There's a world-class museum in Scottsdale AZ called the Musical Instrument Museum and I've spent about 5 afternoons there in the year that they've been open and I still don't feel like I've seen it all. There are historic musical instruments from all over the world and from every ethnicity and nationality. One thread that I've been able to discern in my visits is that even in the face of complete oppression or poverty, the people find some way to make music. They'll use tin cans, sticks, dried vegetables, animal bones, animal skins or whatever they can find. The most interesting instruments and musical styles that I've seen there have come from or been born in poverty or because of some tyrant dictator telling a people that they can't have music. It finds a way!

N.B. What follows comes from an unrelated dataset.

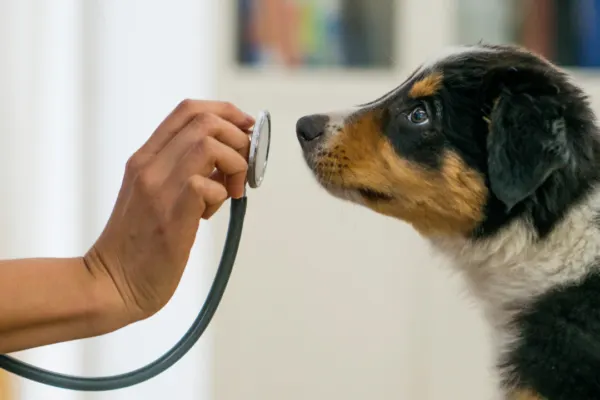 dog looks at stethoscope at a low cost vet clinic in CT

There's a story about a farmer who was getting up in years and knew he would soon be "gathered up to his people" as it says in the Old Testament. He wished to bequeath is property to one of his three sons. He proposed that whichever of his sons could fill the barn with any commodity of their choosing could have their father's life work as an inheritance. The oldest son set about buying up all of the firewood in the region and filling the barn. After a week or so, he exhausted his resources and there was frankly no more wood to be found in the region and the barn was only about 2/3 full. He had to pull the wood out and give the middle son a chance. The middle son set about buying up all of the bales of hay in the county and the region. After about a week, he had exhausted his resources and there was no more hay to be found and the barn was only 3/4 full. He had to pull out all of the hay and make way for the youngest son to have a crack at it. The youngest son felt that after the noble attempts of his two older brothers that ended in failure, that there was no way he would be able to do anything that would succeed where his brothers hadn't. He went in to the barn and closed the door and sat down in the middle of that big space and lit a candle and he cried. The light filled the barn! And the farmer gave the youngest son all of the inheritance.

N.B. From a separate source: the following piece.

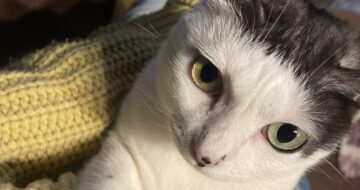 猫の爪切り〜三本足の「はる」の場合 #猫のいる暮らし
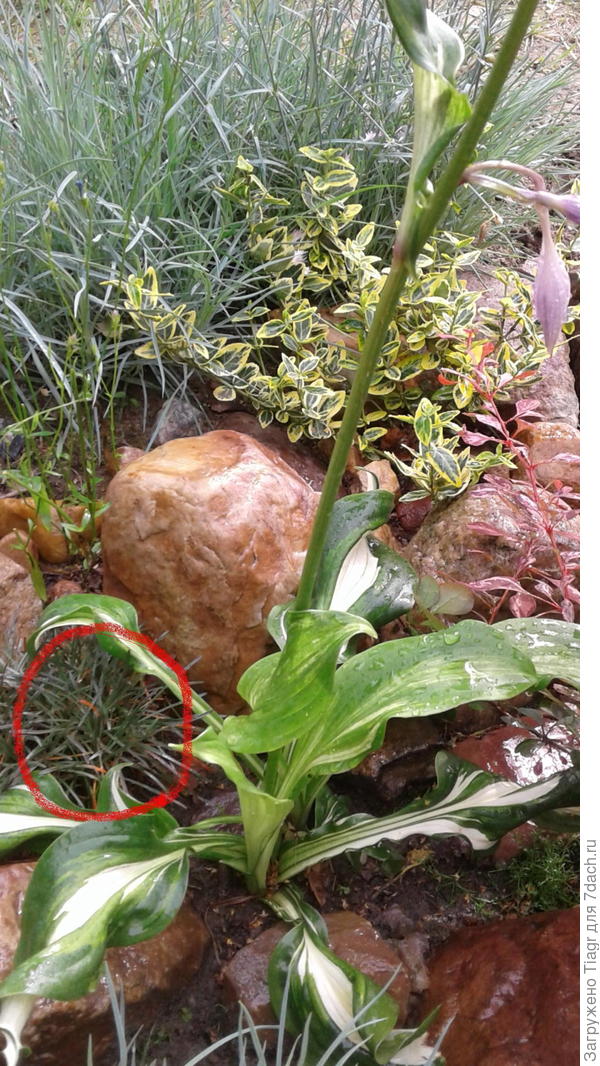 в кружок обвела.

There are a couple of brilliant bakers in this town that make beautiful and delicious wedding cakes, but they dont' "fill" the room. I've seen genius event designers bring incredibly colorful and interesting event decor that doesn't "fill" a room. I've seen guests eat a celebration feast prepared and served by the best chefs in the West- and those plates didnt' "fill" the room. Music always fills the room. All of the elements come together to make a lovely event and it's the music that ties it all together. Those cold wedding guests, whispering like they were in an elevator, didn't start celebrating that wedding until music allowed or instructed them to do so.
If you don't push back the sofa in your living room and dance once in a while, you are missing out on one of the great joys of life. So... does what I do matter? Abso-floggin'-lutely!